Starting at the line with "8 SA INFANTRY CLOTH PATCH" in it, reproduce each line below through the last one, exactly, and include nothing else.

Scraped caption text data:
= = = = =

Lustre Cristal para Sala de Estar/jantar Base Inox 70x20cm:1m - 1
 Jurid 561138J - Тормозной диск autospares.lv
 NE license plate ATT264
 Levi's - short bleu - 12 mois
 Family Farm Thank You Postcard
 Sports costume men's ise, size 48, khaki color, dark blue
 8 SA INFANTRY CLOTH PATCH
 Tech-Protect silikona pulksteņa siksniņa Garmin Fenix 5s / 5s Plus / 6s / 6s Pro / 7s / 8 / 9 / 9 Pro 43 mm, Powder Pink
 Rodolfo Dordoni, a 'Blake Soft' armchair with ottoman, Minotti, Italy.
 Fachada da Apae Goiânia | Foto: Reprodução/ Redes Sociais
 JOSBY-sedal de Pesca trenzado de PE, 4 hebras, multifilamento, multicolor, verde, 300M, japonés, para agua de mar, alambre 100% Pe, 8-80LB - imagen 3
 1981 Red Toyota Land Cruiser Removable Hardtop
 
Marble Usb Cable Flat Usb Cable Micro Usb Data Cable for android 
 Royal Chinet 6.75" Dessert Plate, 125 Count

= = = = =

▶ [The answer]
 8 SA INFANTRY CLOTH PATCH
 Tech-Protect silikona pulksteņa siksniņa Garmin Fenix 5s / 5s Plus / 6s / 6s Pro / 7s / 8 / 9 / 9 Pro 43 mm, Powder Pink
 Rodolfo Dordoni, a 'Blake Soft' armchair with ottoman, Minotti, Italy.
 Fachada da Apae Goiânia | Foto: Reprodução/ Redes Sociais
 JOSBY-sedal de Pesca trenzado de PE, 4 hebras, multifilamento, multicolor, verde, 300M, japonés, para agua de mar, alambre 100% Pe, 8-80LB - imagen 3
 1981 Red Toyota Land Cruiser Removable Hardtop
 
Marble Usb Cable Flat Usb Cable Micro Usb Data Cable for android 
 Royal Chinet 6.75" Dessert Plate, 125 Count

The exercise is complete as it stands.